Feeling financially bloated after months of heavy holiday spending? If you want to slim down your credit card balances fast, experts typically recommend that you pay down the balance with the highest APR first (after you pay the minimum amount due on all your other cards) and then move on to your next most expensive card. Doing so will save you money on interest and clear your debt more quickly.
But according to a spate of recent studies on the psychology of debt, a slower, more costly method of debt repayment (popularly known as the “debt snowball” method) could be easier to stick to over time – especially if you have trouble staying motivated long enough to seriously dent your balances.
Popularized by the radio host Dave Ramsey, the snowball method of debt repayment encourages borrowers to focus on the smallest, easiest-to-conquer balance first and then use that small win as motivation to progressively knock out their other balances.
“Mathematically, it makes sense to pay on the debt with the highest interest rate first,” wrote Ramsey in a blog post. “But it’s more important to pay your debts in a way that keeps you motivated to keep going until you’ve wiped them all out.
“If you begin with the biggest one, you might think you’re not making fast enough progress, lose steam and not finish the job. It’s better to get quick wins that pump you up.”
The snowball method has come under fire from personal finance experts who say that it encourages consumers to act against their financial interests.
By focusing on the smallest debt instead of the priciest one, consumers could wind up paying substantially more over time – especially if they pay only the minimum amount due on a large and costly balance.

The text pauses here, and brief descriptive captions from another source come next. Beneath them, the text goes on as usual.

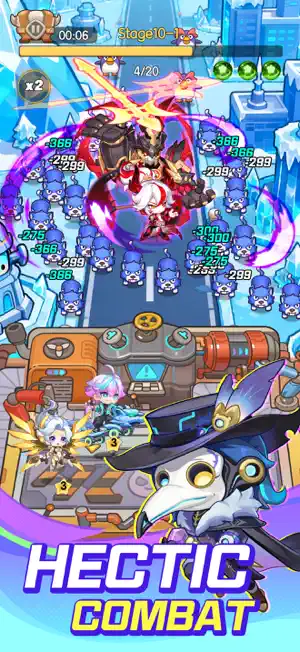 Stranger Heroes screenshot 3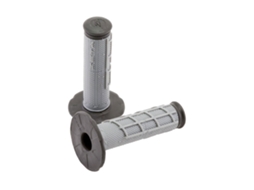Punhos Unisex ZETA Race closed (Cinzento - 119 mm)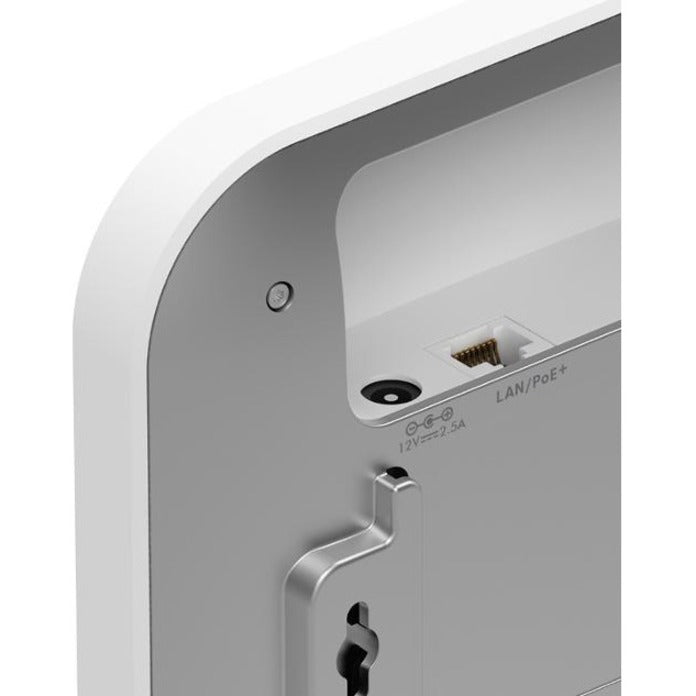 Point d'accès sans fil double bande IEEE 802.11ax 1,80 Gbit/s Netgear WAX610 WAX610PA-100CNS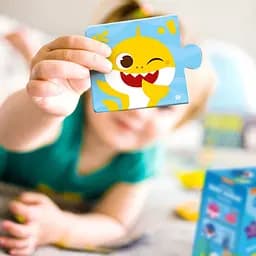 Дитячий пазл "З'єднай кольори" DoDo Toys 200586 від 2 років, 12 елементів - мініатюра 3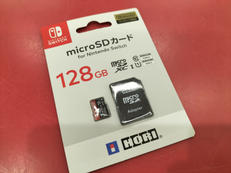 MICRO SDカード|HORI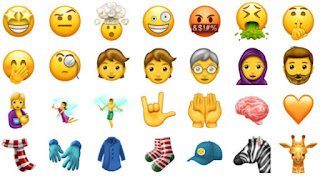 Emoji 5.0 update to add 137 new emojis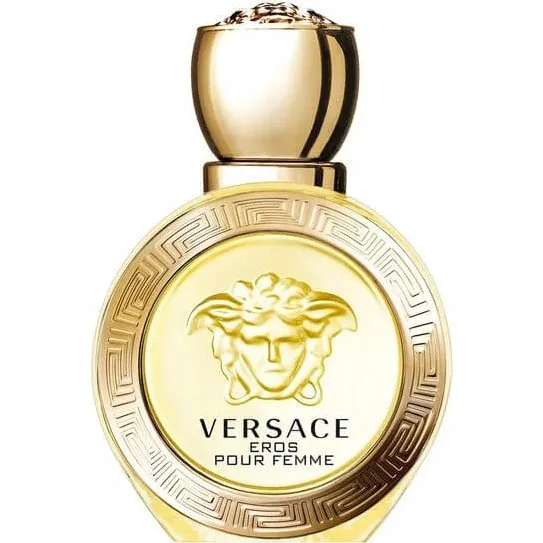 Versace Eros Pour Femme Eau de Toilette 50 ml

Zeroing in on the smallest debt instead of the heaviest could “enable consumers to win the battle but lose the war against debt,” argued researchers in a 2011 paper about consumers’ preference for the snowball method.
Despite math and experts’ skepticism, a growing body of research backs up Ramsey’s claim that the snowball method can be a powerful motivator for conquering debt.
A fall 2016 study published in the Journal of Consumer Research, for example, found that paying off smaller debts first is an effective motivator because it gives consumers a sense of accomplishment when they pay down a large percentage of a credit card balance.
Paying down bigger debts, by contrast, is less effective, the study found, because people get discouraged when a large bill takes too long to noticeably shrink.
“Consumers infer progress based on how much of a dent they are making on any debt account, based on the starting balance and the amount they allocate toward each account,” wrote researchers.
“Substantively, the amount of debt in the account when the payment is applied matters.”
If a consumer’s payments don’t seem to be doing much damage to a balance, consumers are more likely to slow down payments or give up trying to clear their debt completely.
Similarly, a 2015 study published in the Journal of Marketing Research found that paying off small debts first is highly motivating for consumers with multiple debts because it gives them a feel-good moment to hold onto when it’s time to pay down another debt.
“In the area of financial decision-making, self-control issues are significant and can plague even the most financially literate,” wrote study authors Alexander L. Brown and Joanna L. Lahey in an early version of their 2015 study on debt repayment.
“The standard economic approach, neither equipped nor designed to handle these self-control issues, advocates paying off debts in order from highest to lowest interest rates because mechanically this method results in the least amount of money paid to interest.”
The problem with this method, though, is that people tend to be highly irrational and favor what feels good over what works best. People also tend to be easily overwhelmed by large amounts of debt and perform better when tasks are broken up in smaller pieces.
A 2012 study published in the Journal of Marketing Research came to a similar conclusion. It found that borrowers who tackle their smaller debts first rather than their larger balances are more likely to shed their debt completely.
Your bottom line
If you can, pay off your most expensive debt first or consolidate all your balances onto one low rate card with a lengthy 0 percent balance transfer offer. That way, you’ll have at least 12 to 18 months or more to shave down your debt before your interest costs balloon.
If you’re having a hard time staying on track, try the snowball method of debt repayment and systematically pay down your smallest, most manageable balances. The small wins you rack up with each card payment could give you just the kick you need to stay motivated and clear your debt for good.